Sync & Run¶

Data syncing and running transformations via CLI.

Overview¶

Master the core workflow of loading data (dango sync) and transforming it (dango run, dango generate). These commands form the foundation of your data pipeline.

What you'll learn:

Sync data from sources to warehouse
Generate staging models automatically
Run dbt transformations
Incremental vs full-refresh strategies
Optimize sync performance
Troubleshoot sync failures

Data Syncing¶

Basic Sync¶

Sync all enabled sources:

dango sync

What happens:

Reads .dango/sources.yml for enabled sources
For each source:
Connects to source (API, database, file)
Fetches data (full or incremental)
Writes to DuckDB raw layer
Updates metadata (_dlt_loads table)
Logs progress and results

Example output:

[12:34:56] Starting sync for 3 sources...

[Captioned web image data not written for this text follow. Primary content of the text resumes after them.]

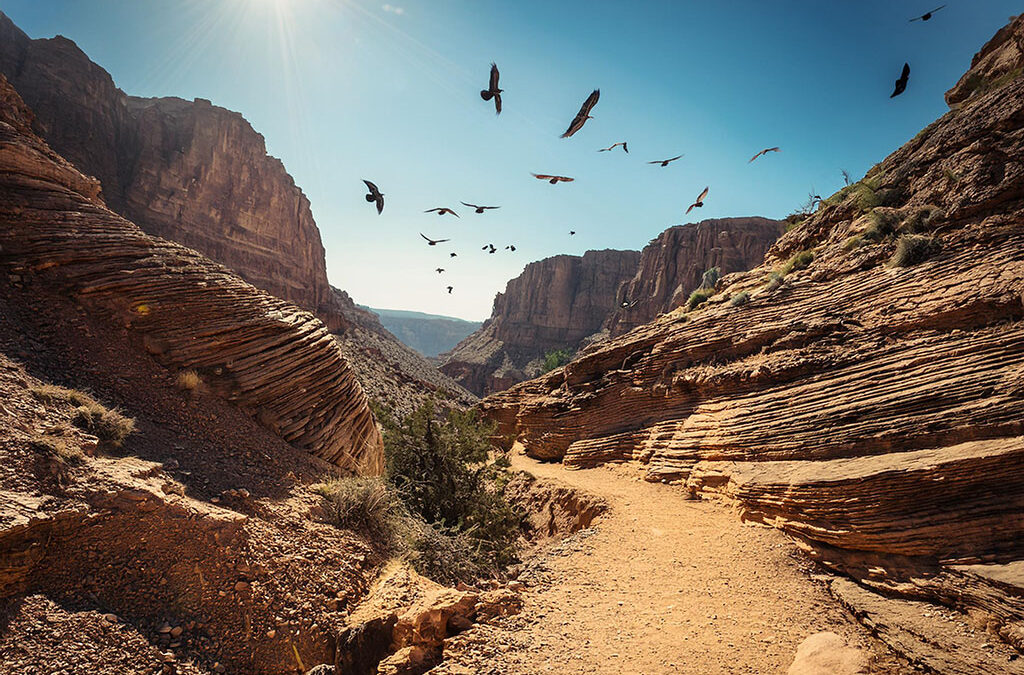 The canyon trail bathed in sunlight showcases the rock formations and a flock of birds gliding above it all. Reminiscent of the trek, to Embercliff.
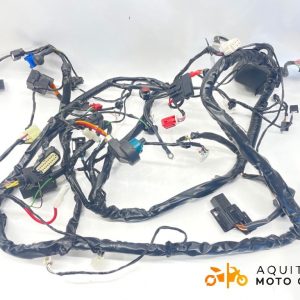 FAISCEAU APRILIA SXR 50 2024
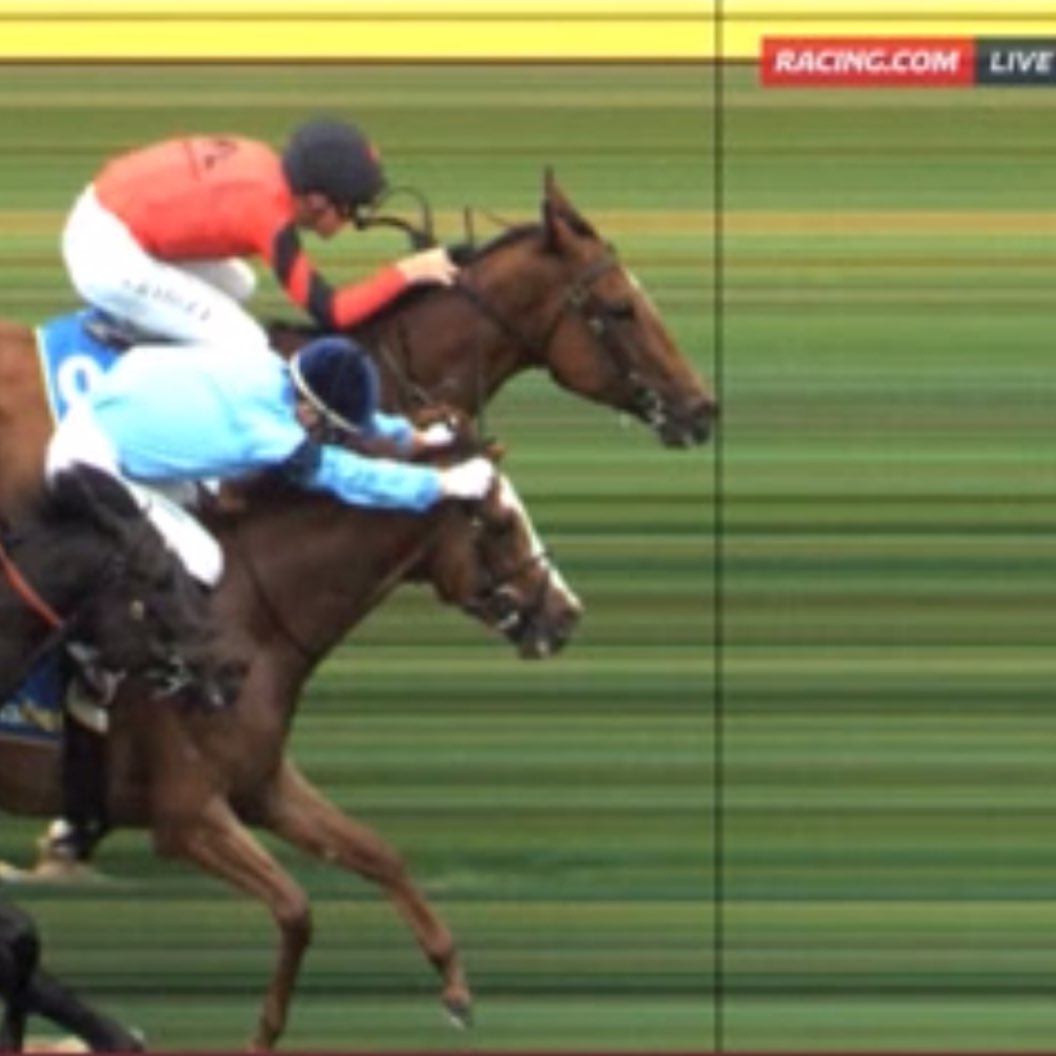 Highclere Racing Australia 🇦🇺 tweet media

[12:34:57] Syncing stripe_payments (1/3)
[12:34:57] Connecting to Stripe API
[12:34:58] Fetching charges (incremental from 2024-11-01)
[12:35:12] Loaded 1,523 charges
[12:35:13] Fetching customers (full refresh)
[12:35:20] Loaded 342 customers
[12:35:21] Writing to raw_stripe.charges
[12:35:24] Writing to raw_stripe.customers
[12:35:25] ✓ Sync complete (1,865 rows in 29.2s)

[12:35:26] Syncing google_sheets (2/3)
[12:35:27] Connecting to Google Sheets API
[12:35:28] Fetching spreadsheet: Marketing Budget 2024
[12:35:32] Loaded 234 rows from 2 sheets
[12:35:33] Writing to raw.google_sheets
[12:35:34] ✓ Sync complete (234 rows in 8.1s)

[12:35:35] Syncing sales_data (3/3)
[12:35:36] Reading CSV: data/sales.csv
[12:35:37] Loaded 5,432 rows
[12:35:38] Writing to raw.sales_data
[12:35:40] ✓ Sync complete (5,432 rows in 5.2s)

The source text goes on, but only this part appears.